12 Note that Munton (2019) does not intend to propose a realistic explanation. Rather, her aim is
to show that in a highly racialized society, even if our visual systems function ideally such that
they perform perfect statistical learning, they might still result in biased perception and ground
prejudiced beliefs.
13 Advocates of the first account suggest the existence of a visual pathway that is devoted
specifically to the processing of affect-laden visual stimuli. Several lines of research indicate that
the amygdala is involved in the encoding of affective stimuli but not in that of neutral stimuli
(Amaral, Price, Pitkanen & Carmichael, 1992). Based on these lines of research, some then
identified a subcortical neural pathway conveying visual information (LeDoux, 1986). Unlike the
better-known ventral and dorsal pathways, this pathway is specialized in processing emotionally
valenced, especially negatively valenced visual information. As a result of this additional visual
pathway, the processing of affective stimuli, especially fear-related stimuli, is enhanced.
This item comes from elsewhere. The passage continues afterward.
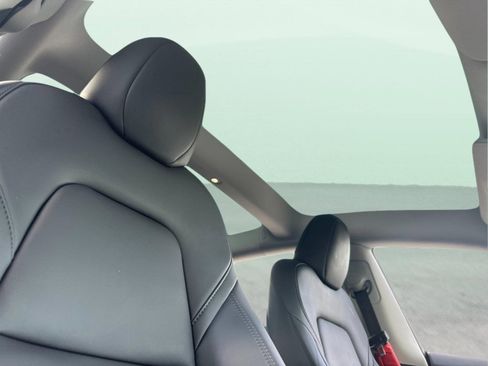 Used 2023 Tesla Model 3 Standard Range image 16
However, the existence of such an additional visual pathway is contentious: some studies suggest
that this pathway is not functional in primates (Pessoa & Ungerleider, 2004). So an alternative
account proposes that threatening stimuli are processed more efficiently not because they are
enhanced but rather because they are prioritized in visual processing. Alpers et al.(2005)’s study
described in the main text is an example supporting this account, which indicates that when
attentional resources are limited and multiple stimuli compete for perceptual dominance, our
visual systems would automatically allocate attentional resources to fear-related stimuli.
14 One might expect that the perception of both a black man and a white man carrying a gun
would trigger a feeling of threat, but only to a greater extent in the former case. But studies
suggest that sometimes seeing a white man with a gun, rather than triggers a negative emotion,
triggers a feeling of security (Hayes, Fortunato & Hibbing, 2021).